Mercy

Christians, preach the mercy of God to yourself.

–From Pastor Daniel

Christ has received the punishment for our sin–there is no revenge on us.

–From my Sunday school teacher, Kevin

Have you ever been afraid you made one too many mistakes?

Missed one too many dental appointments?  Forgot one too many birthdays?  Flunked your New Year’s Resolution one too many years?  Botched one too many tests?  Failed a friend one too many times?  Lost your phone one too many times?  Told a lie one too many times?  Wrecked your car one too many times?  Gotten fired from a job one too many times?  Lost your way one too many times?  Gotten one dollar too many in debt?  Argued with someone you love one too many times?  Broke your promise one too many times?  Wasted the day one too many times?

Disappointed God one too many times?

Sometimes I live in fear that I just broke the last straw.  I broke the rule one time too many.  I missed the last chance.  I went too far.

Can I come back?  Have I ruined everything?  Do I still matter?  Do you still love me?

These are the questions of the insecure heart.

Sometimes we try to ask forgiveness like we are offering God lambs to be sacrificed on His altar.  We try to be sorry enough, pay it all back, make up for it, do something good enough to offset the bad.

We forget that the Lamb of God has already come.  There are no more lambs to offer.  The sacrifice is over.  The new life has begun.

To be a Christian is to receive the sacrifice of Christ.  The merit is all Christ.  The life after is learning to be like Him.

It would be something like if I flunked a chemistry test (which is very believable).  A student approaches me and offers to give me his A+ paper.  I receive his paper and receive his grade.  But he doesn’t just walk away.  He begins to coach me in chemistry.  But the whole time he coaches me, and the whole time I improve, I must still have his A+ paper to save me from flunking.  The test is already over.  I’ve already failed.  And I’ve taken his paper for my own.  None of that changes by my improvement.  (And besides, if at any point I was the one tested, I would still fail to make that A+.)
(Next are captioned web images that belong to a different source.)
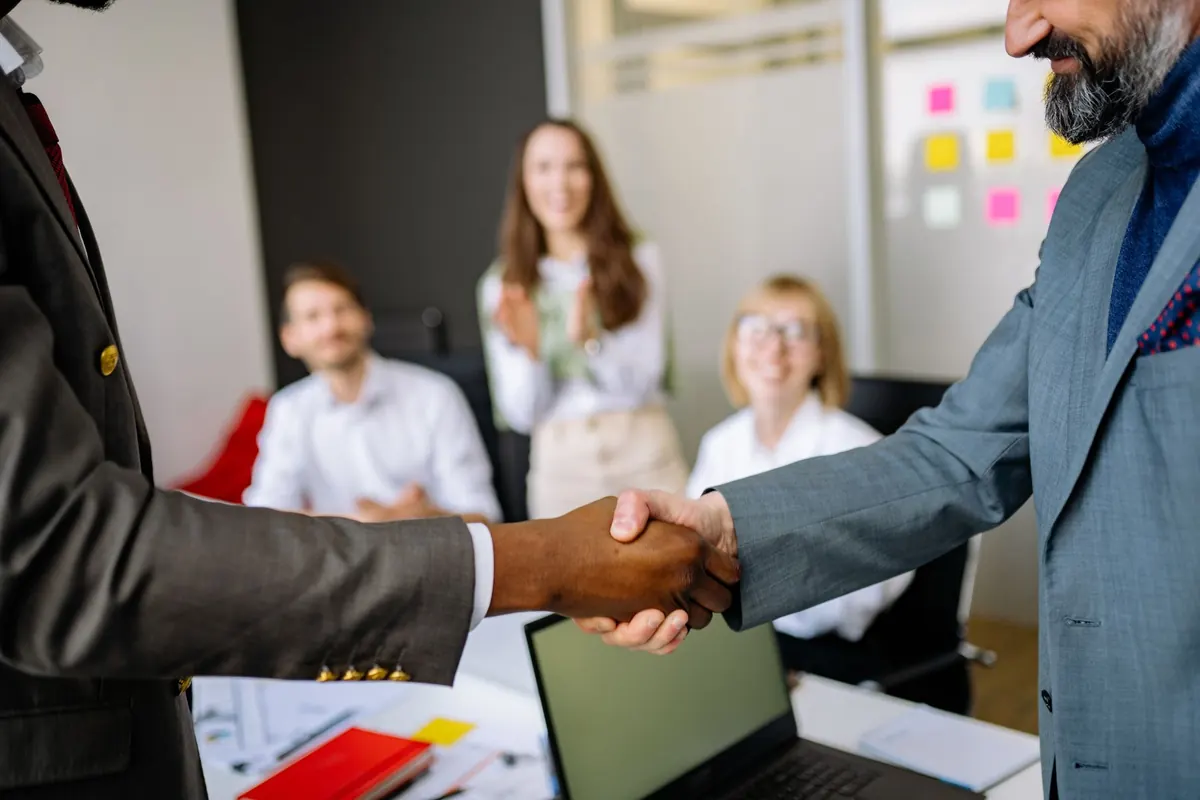 Should You Join a Chamber of Commerce? Pros, Cons, and Alternatives for Local Businesses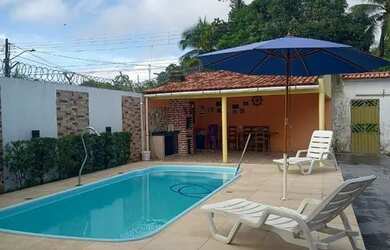 Imagem: A casa possui 3 Dormitórios, 2 Banheiros, 5 Vagas na garagem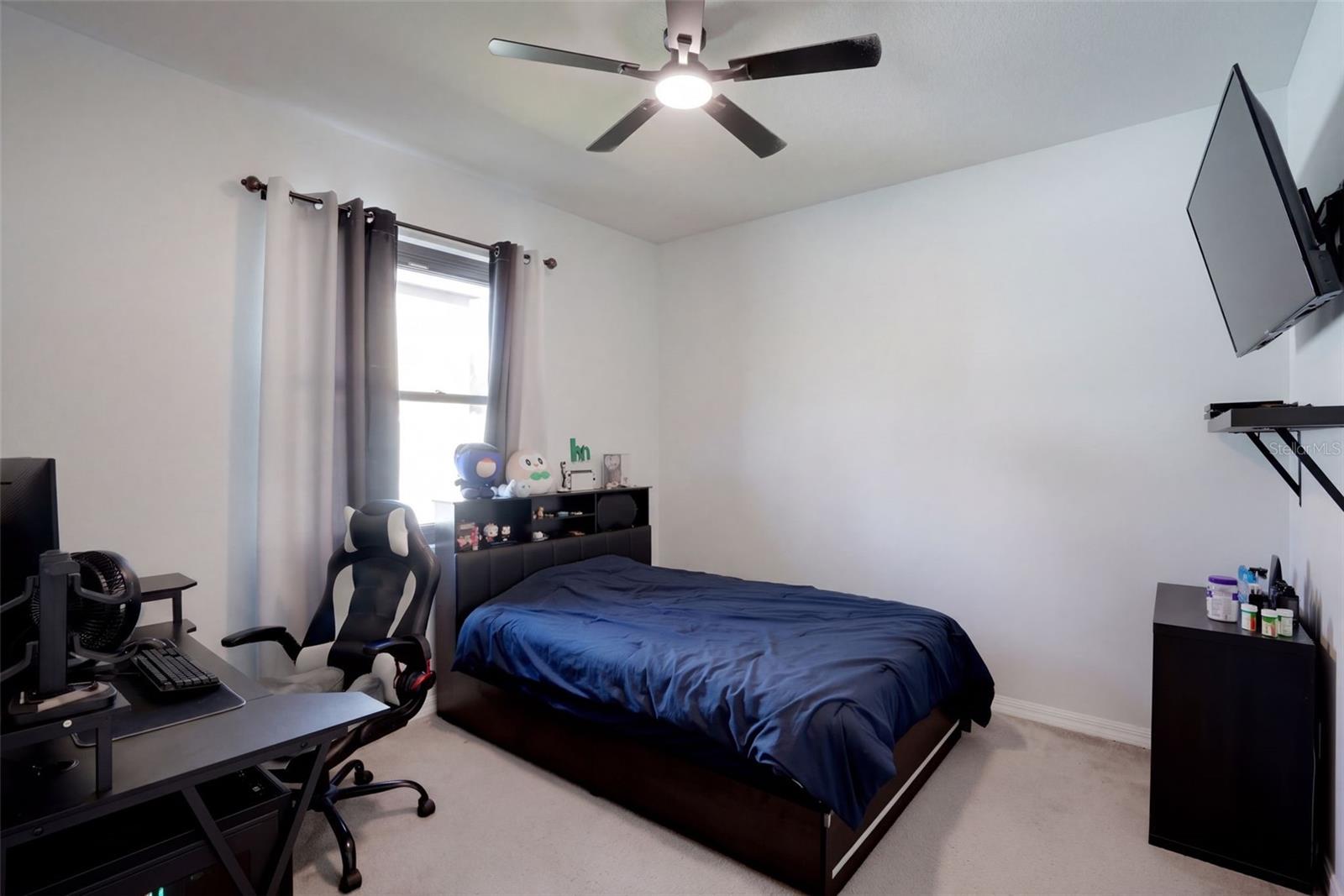 1773 Waterside Oaks Dr Property Photo 23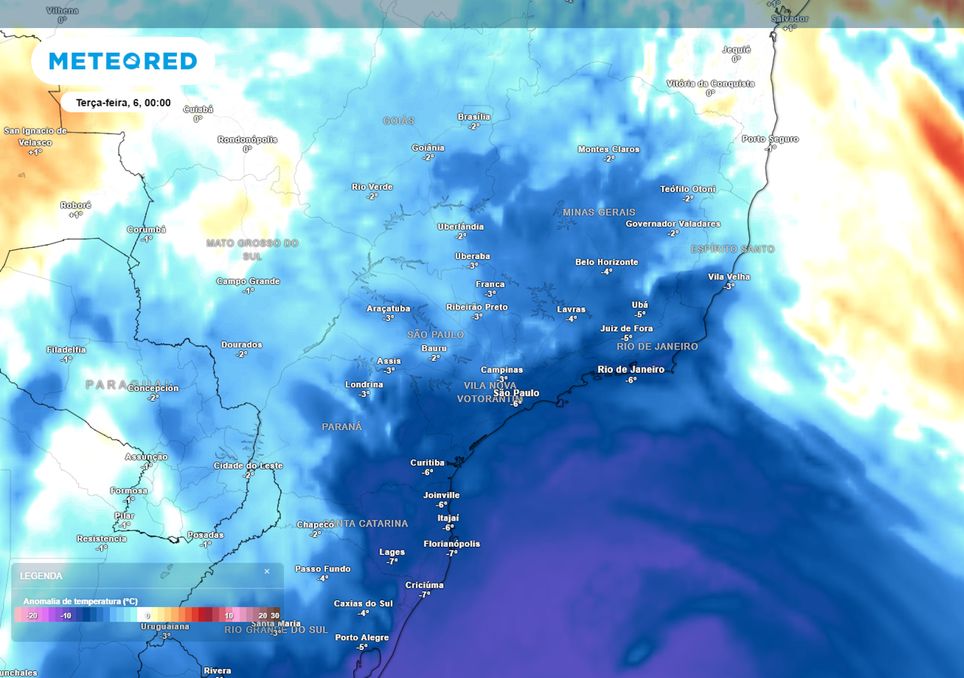 Previsão de anomalias de temperatura em 850 hPa no final da segunda-feira.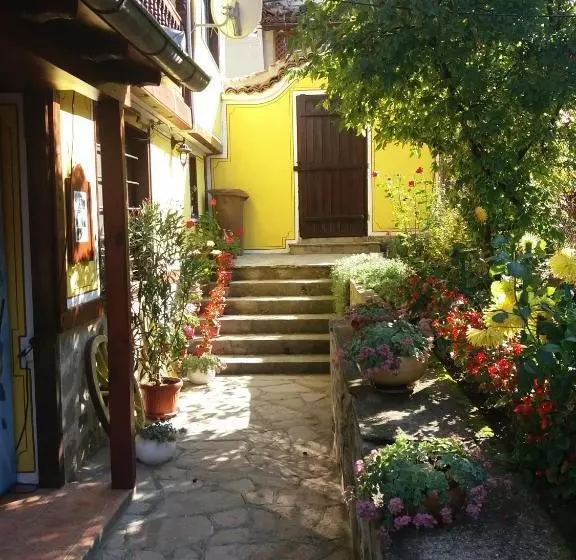 Majatalo Guest House Bolyarka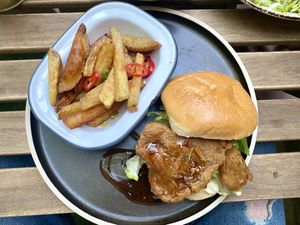 Oyster Mushroom “chicken” 🍄🐓🍔 with Salt and Pepper Fries 🍟   at Wild and Wild in Congleton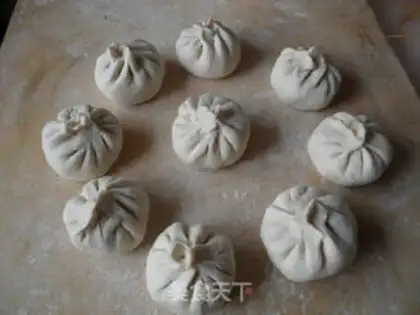 Make Mushroom beef buns step 4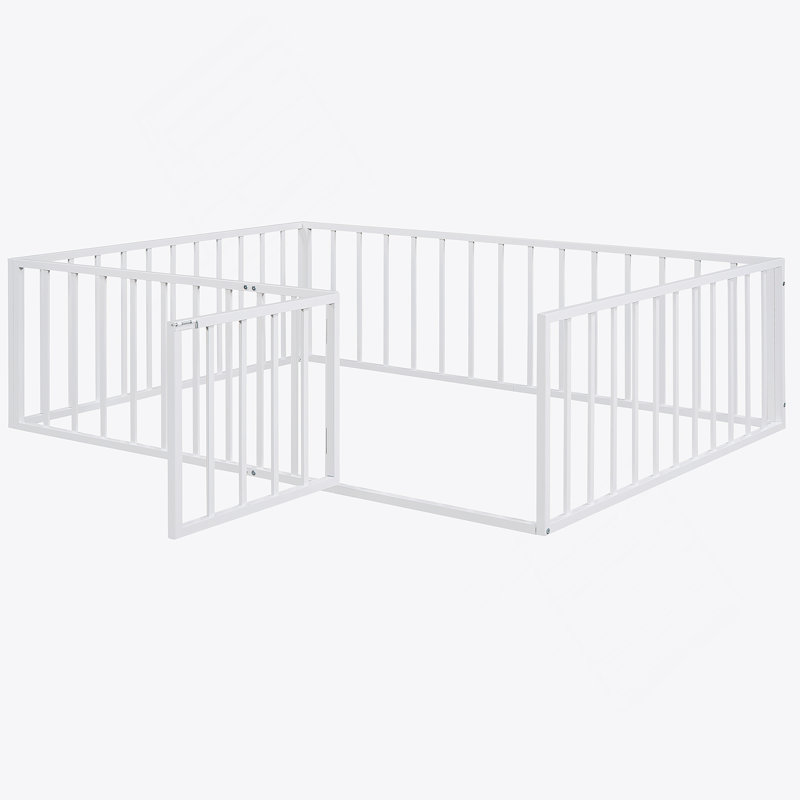 Structure de lit robuste en métal avec portes de clôture ouvertes, créant un espace de sommeil sécuritaire et créatif pour les chambres d'enfants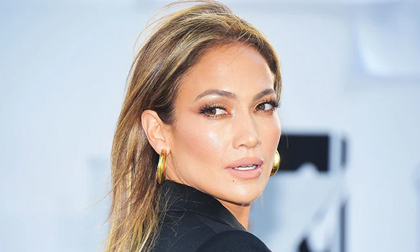 Jennifer Lopez tiết lộ các bước làm đẹp cơ bản để giữ được vẻ trẻ trung dù đã hơn 50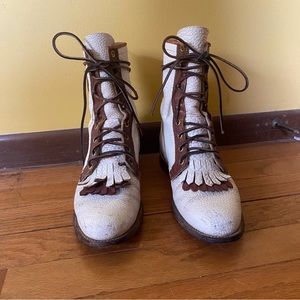 Vintage Justin Brown and White Western Lace Up Boots 8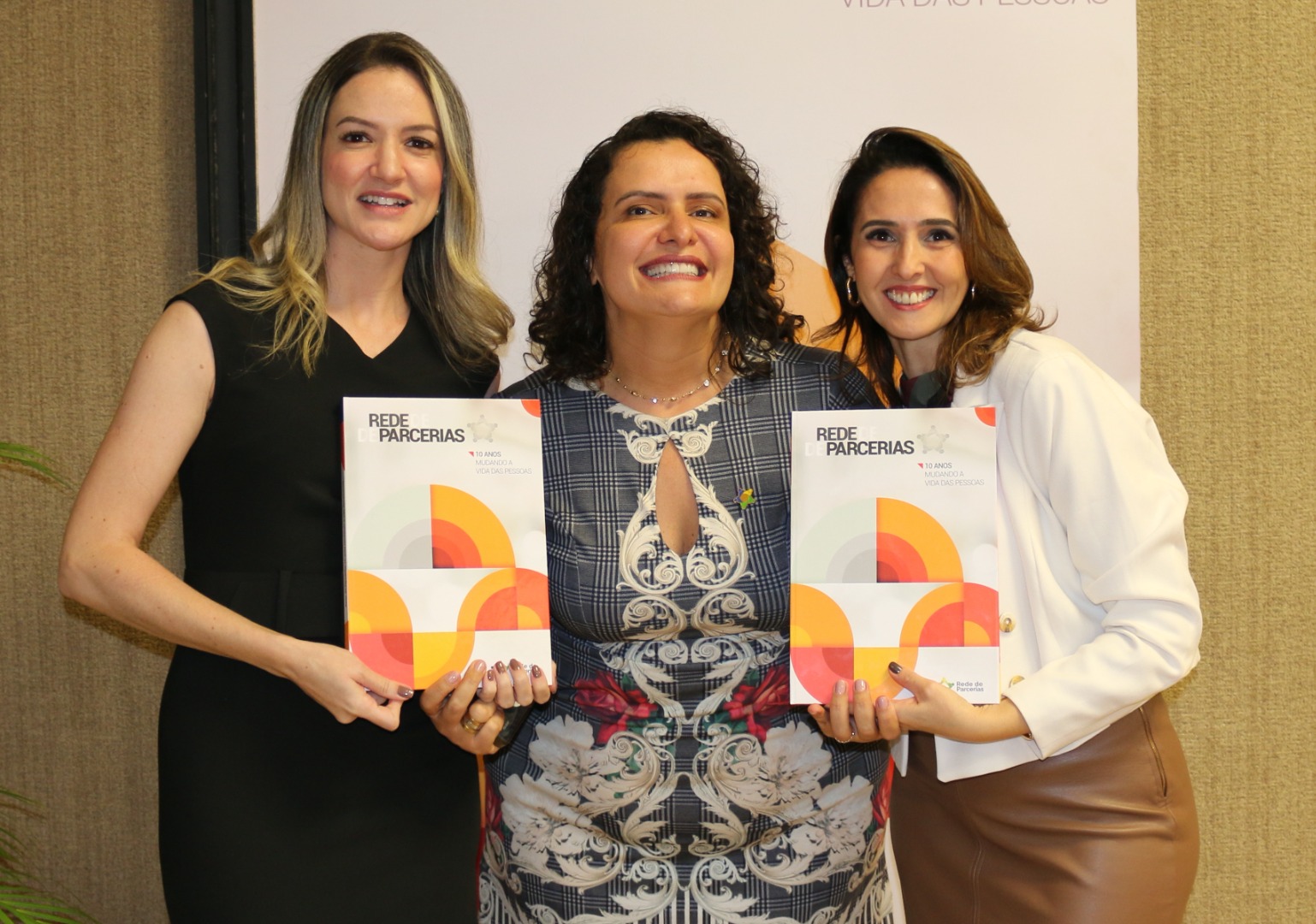 Lançamento do Livro 10 anos da Rede de Parcerias - dia 02-06-2025 (354).JPG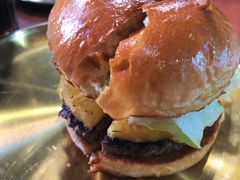 焦糖烤菠萝牛肉汉堡-魏斯理汉堡(西安沣东吾悦店)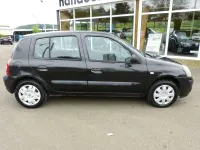 Gebraucht Renault Clio II Dynamique 75 PS (55 kW) 2004 Perlmuttschwarzmetallic Limousine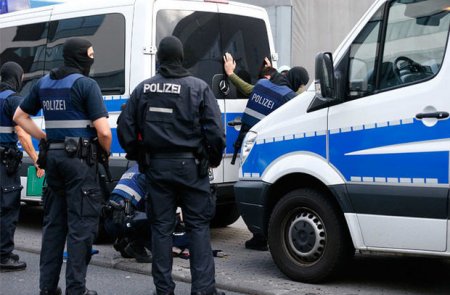 Almaniyada terror aktı planlaşdıran miqrant saxlanılib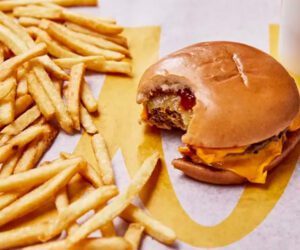 How are American fast food chains celebrating National Cheeseburger Day 2023?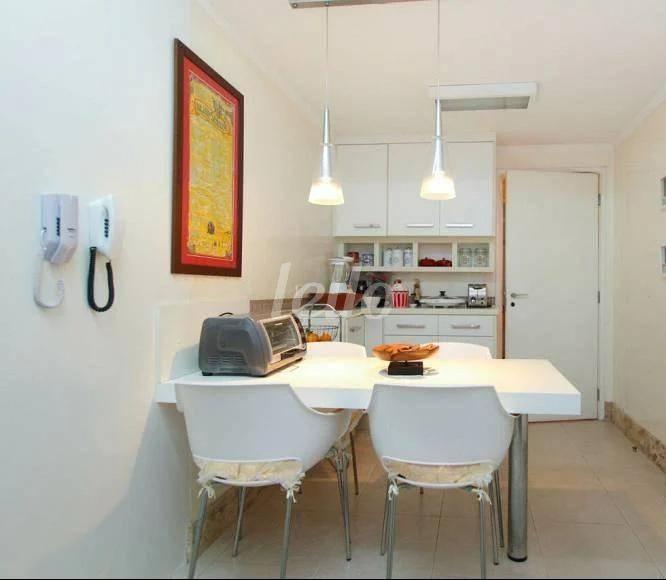 COZINHA de Apartamento à venda, Padrão com 178 m², 4 quartos e 2 vagas em Indianópolis - São Paulo
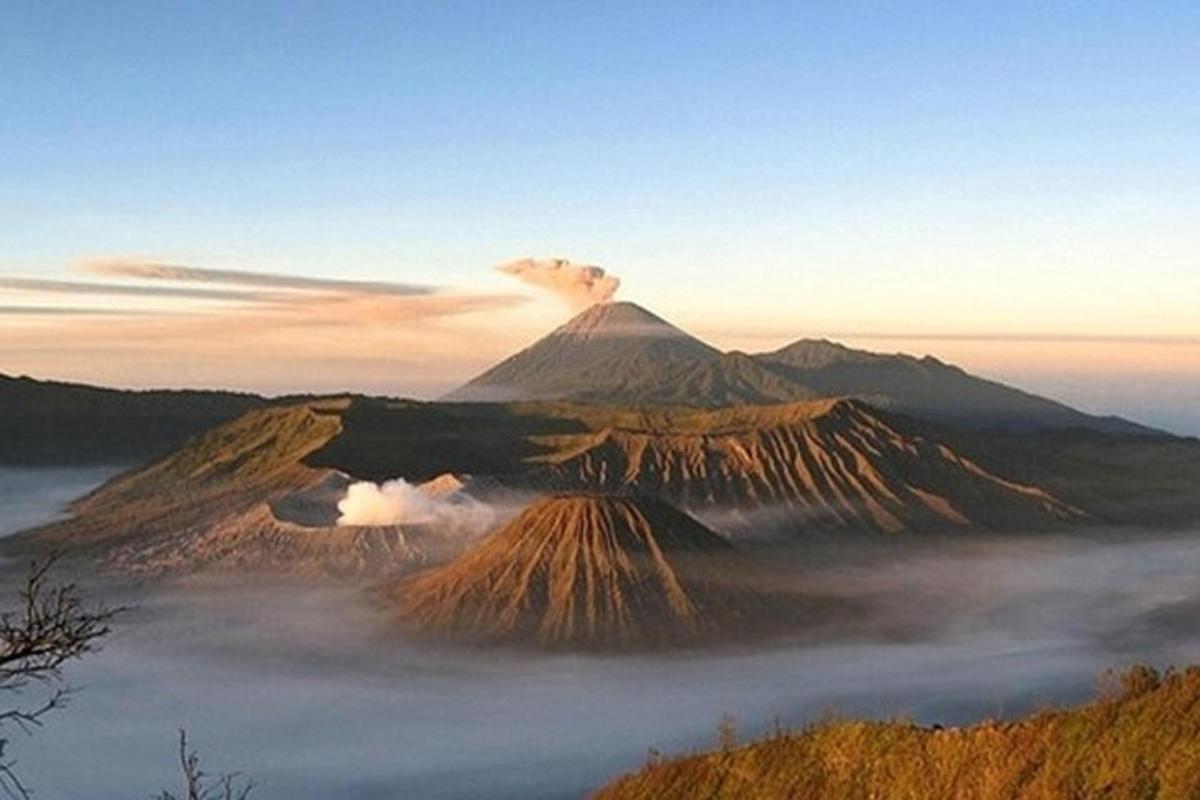 una montagna con una nuvola in cima
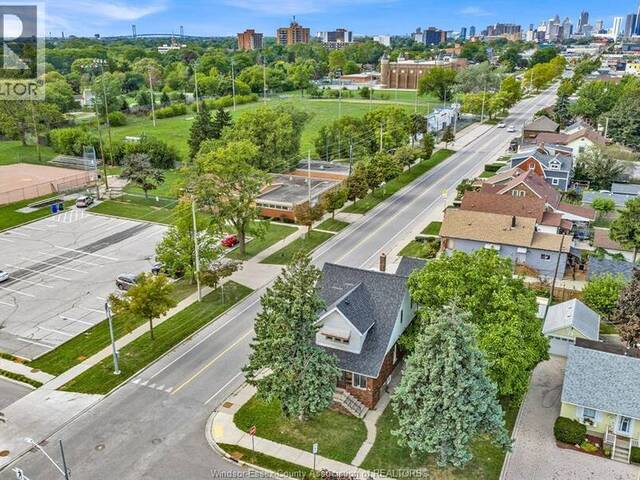 306 FOCH Windsor Ontario, N8X 2V9 - 5 Bedrooms Home For Sale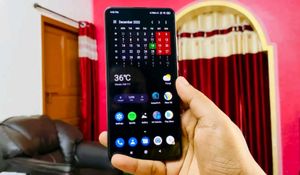 Redmi K20 Carbon Fiber Edition Popup Camera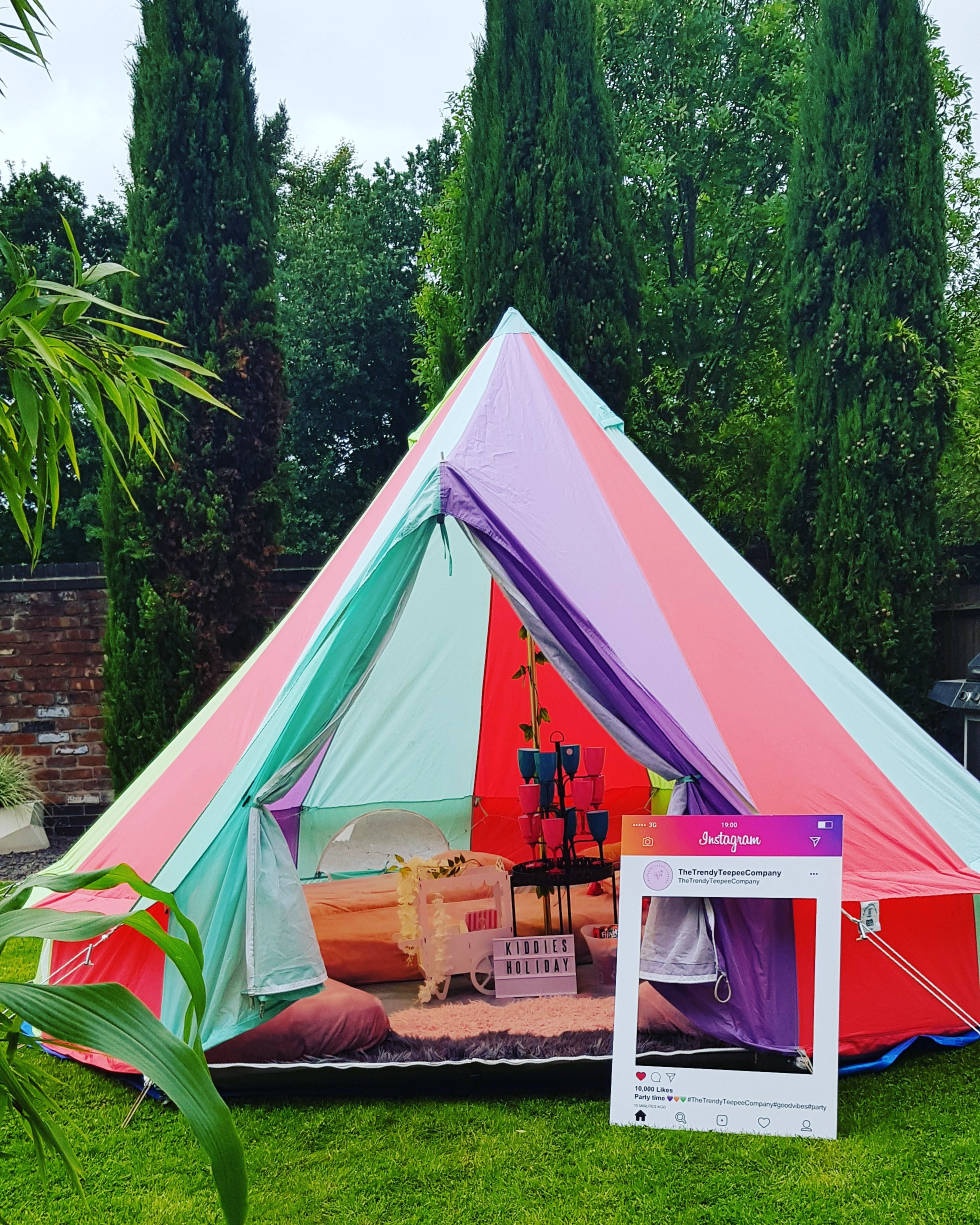 Festival Style 4m Rainbow Bell Tent For Hire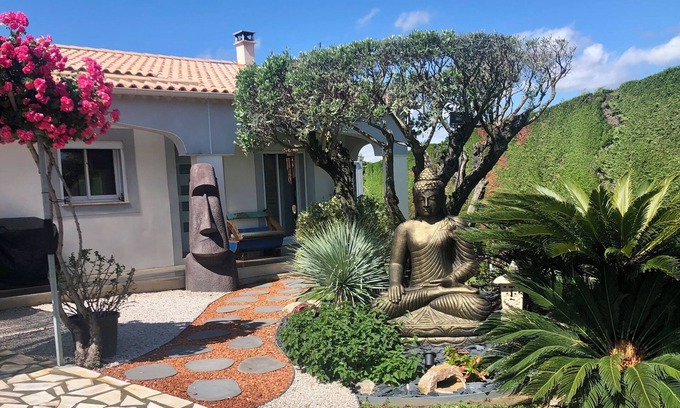 Colombiers Villa | Villa ZEN, Piscine, Jardin BALI style, proche Canal du Midi, 6 personnes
Christ is the only one who lives a perfect life on this earth.  He is the only one who can coach us towards holiness.  He’s earned the right.  But it is always only His sacrifice that brings us to Heaven.  One day, we will die to our flunked self, and the only thing left in us will be the perfect work of Christ Jesus.  That is what God will see in us.  But it is not this work He has done in us that brings us to Heaven.  It is the work He has done for us that brings us to Heaven.

That is mercy.

Let us fix our eyes on Jesus, the author and perfecter of our faith, who for the joy set before him endured the cross, scorning its shame, and sat down at the right hand of the throne of God. (Hebrews 12:2, NIV)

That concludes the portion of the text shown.